## Your instructions
For this exercise, return only the lines in the records below from the one holding "In terms of" through the one holding "We can reset", including both, exactly as they appear and without pictures.

## Data for the task
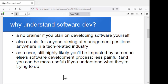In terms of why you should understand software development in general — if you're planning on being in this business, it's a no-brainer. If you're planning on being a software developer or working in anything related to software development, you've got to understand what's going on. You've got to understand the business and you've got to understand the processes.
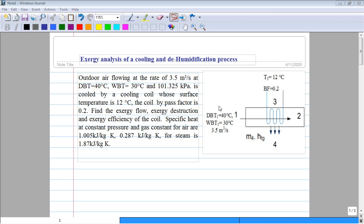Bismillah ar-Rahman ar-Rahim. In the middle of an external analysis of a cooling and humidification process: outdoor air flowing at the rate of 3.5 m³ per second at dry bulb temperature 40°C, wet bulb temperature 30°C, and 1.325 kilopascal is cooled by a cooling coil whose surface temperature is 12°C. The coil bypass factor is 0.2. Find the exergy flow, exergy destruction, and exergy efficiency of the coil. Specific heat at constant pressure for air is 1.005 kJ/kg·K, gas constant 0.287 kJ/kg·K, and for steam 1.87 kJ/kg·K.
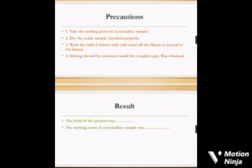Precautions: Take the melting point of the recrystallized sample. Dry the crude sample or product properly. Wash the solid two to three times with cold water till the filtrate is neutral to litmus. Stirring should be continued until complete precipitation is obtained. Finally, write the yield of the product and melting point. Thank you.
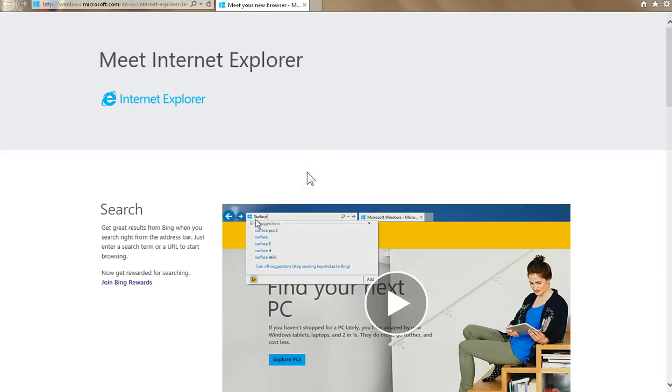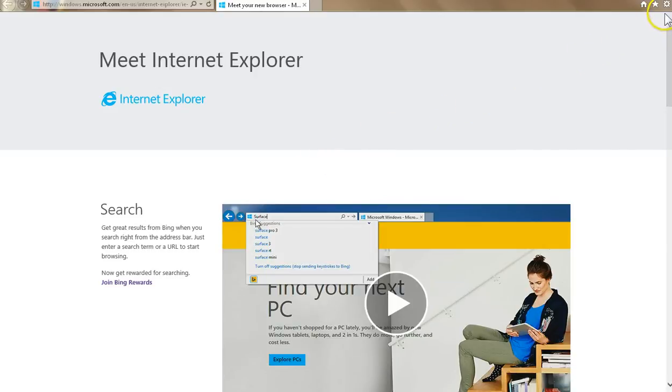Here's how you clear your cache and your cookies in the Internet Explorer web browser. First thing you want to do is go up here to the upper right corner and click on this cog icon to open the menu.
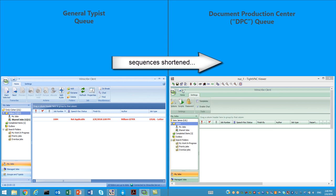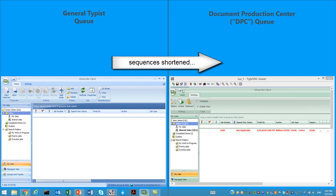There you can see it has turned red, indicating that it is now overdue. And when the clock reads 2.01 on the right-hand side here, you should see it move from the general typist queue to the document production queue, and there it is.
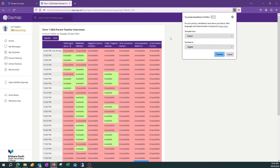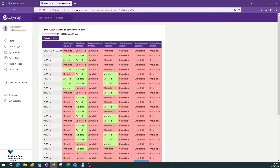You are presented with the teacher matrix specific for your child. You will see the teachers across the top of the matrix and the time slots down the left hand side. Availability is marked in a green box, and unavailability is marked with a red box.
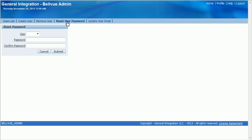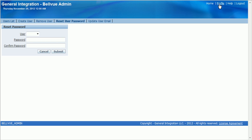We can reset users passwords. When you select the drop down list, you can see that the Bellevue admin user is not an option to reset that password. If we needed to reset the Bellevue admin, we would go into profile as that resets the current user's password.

...

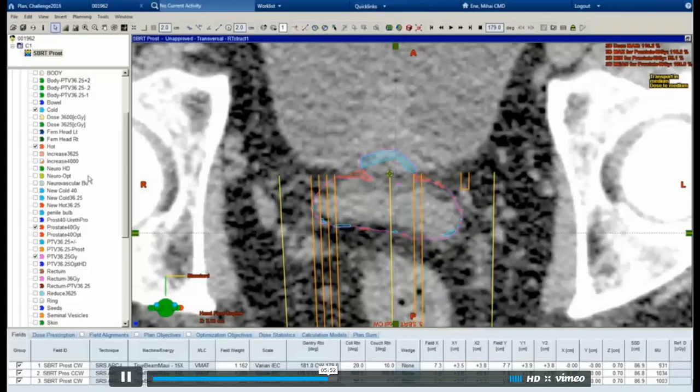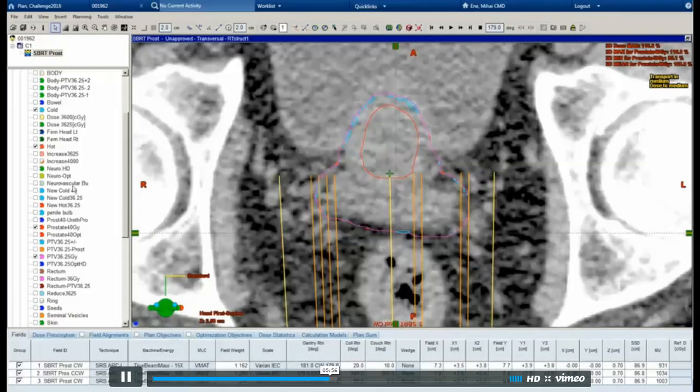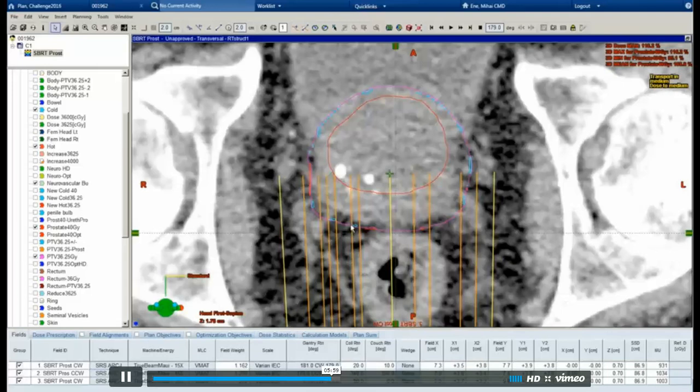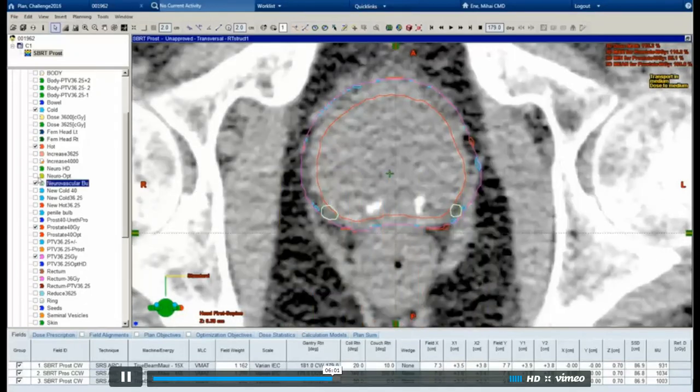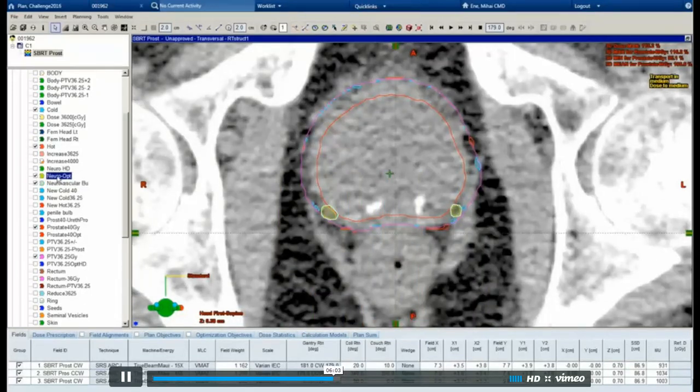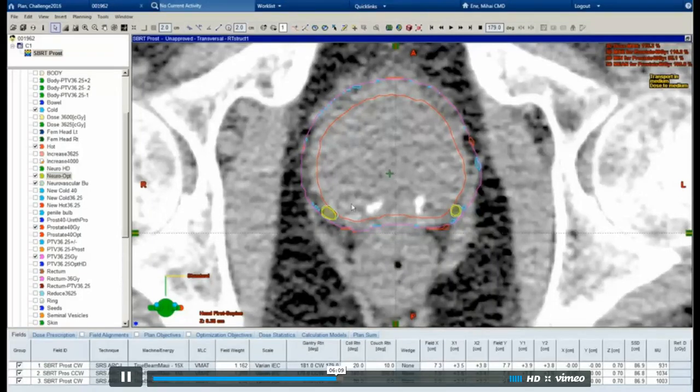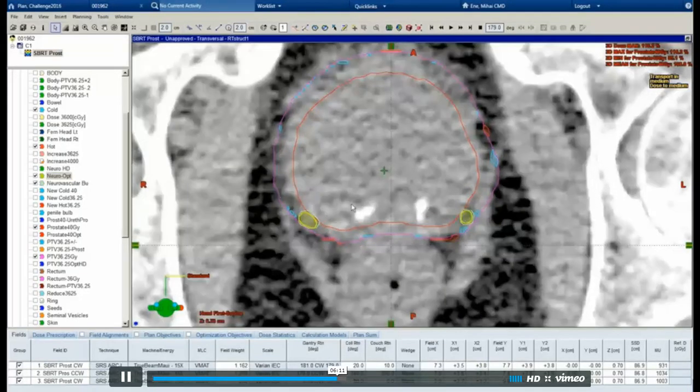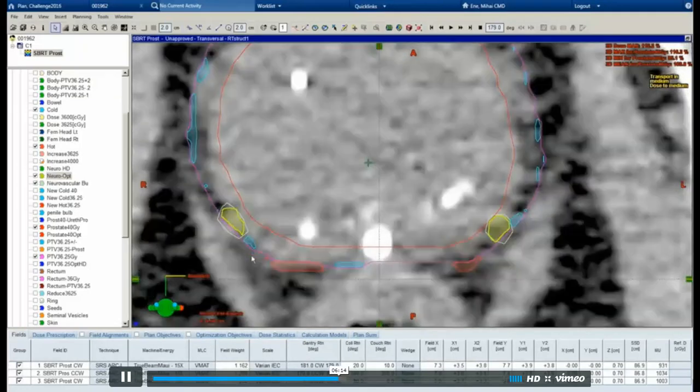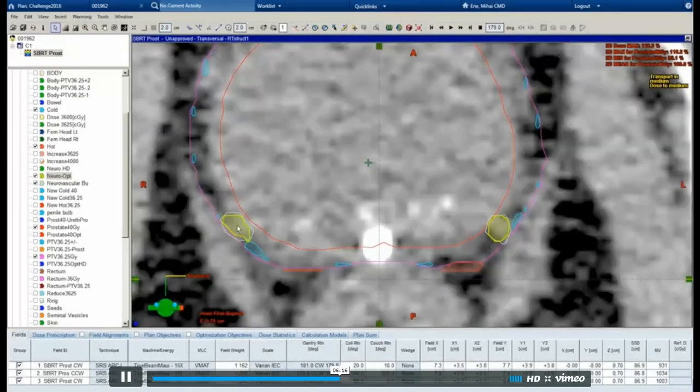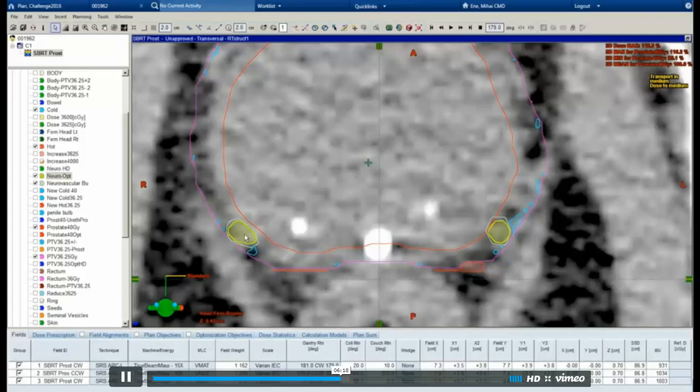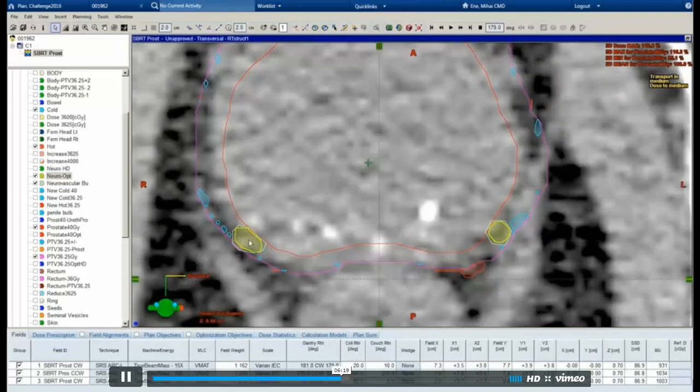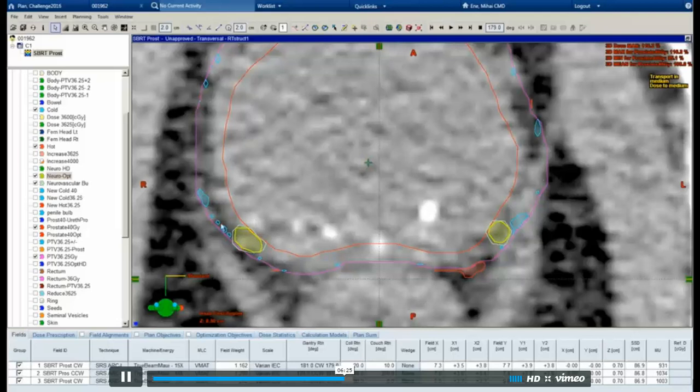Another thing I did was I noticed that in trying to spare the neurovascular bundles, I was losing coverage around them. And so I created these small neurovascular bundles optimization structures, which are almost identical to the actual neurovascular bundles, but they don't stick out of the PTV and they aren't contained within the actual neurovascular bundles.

## Your solution
In terms of why you should understand software development in general — if you're planning on being in this business, it's a no-brainer. If you're planning on being a software developer or working in anything related to software development, you've got to understand what's going on. You've got to understand the business and you've got to understand the processes.
Bismillah ar-Rahman ar-Rahim. In the middle of an external analysis of a cooling and humidification process: outdoor air flowing at the rate of 3.5 m³ per second at dry bulb temperature 40°C, wet bulb temperature 30°C, and 1.325 kilopascal is cooled by a cooling coil whose surface temperature is 12°C. The coil bypass factor is 0.2. Find the exergy flow, exergy destruction, and exergy efficiency of the coil. Specific heat at constant pressure for air is 1.005 kJ/kg·K, gas constant 0.287 kJ/kg·K, and for steam 1.87 kJ/kg·K.
Precautions: Take the melting point of the recrystallized sample. Dry the crude sample or product properly. Wash the solid two to three times with cold water till the filtrate is neutral to litmus. Stirring should be continued until complete precipitation is obtained. Finally, write the yield of the product and melting point. Thank you.
Here's how you clear your cache and your cookies in the Internet Explorer web browser. First thing you want to do is go up here to the upper right corner and click on this cog icon to open the menu.
There you can see it has turned red, indicating that it is now overdue. And when the clock reads 2.01 on the right-hand side here, you should see it move from the general typist queue to the document production queue, and there it is.
You are presented with the teacher matrix specific for your child. You will see the teachers across the top of the matrix and the time slots down the left hand side. Availability is marked in a green box, and unavailability is marked with a red box.
We can reset users passwords. When you select the drop down list, you can see that the Bellevue admin user is not an option to reset that password. If we needed to reset the Bellevue admin, we would go into profile as that resets the current user's password.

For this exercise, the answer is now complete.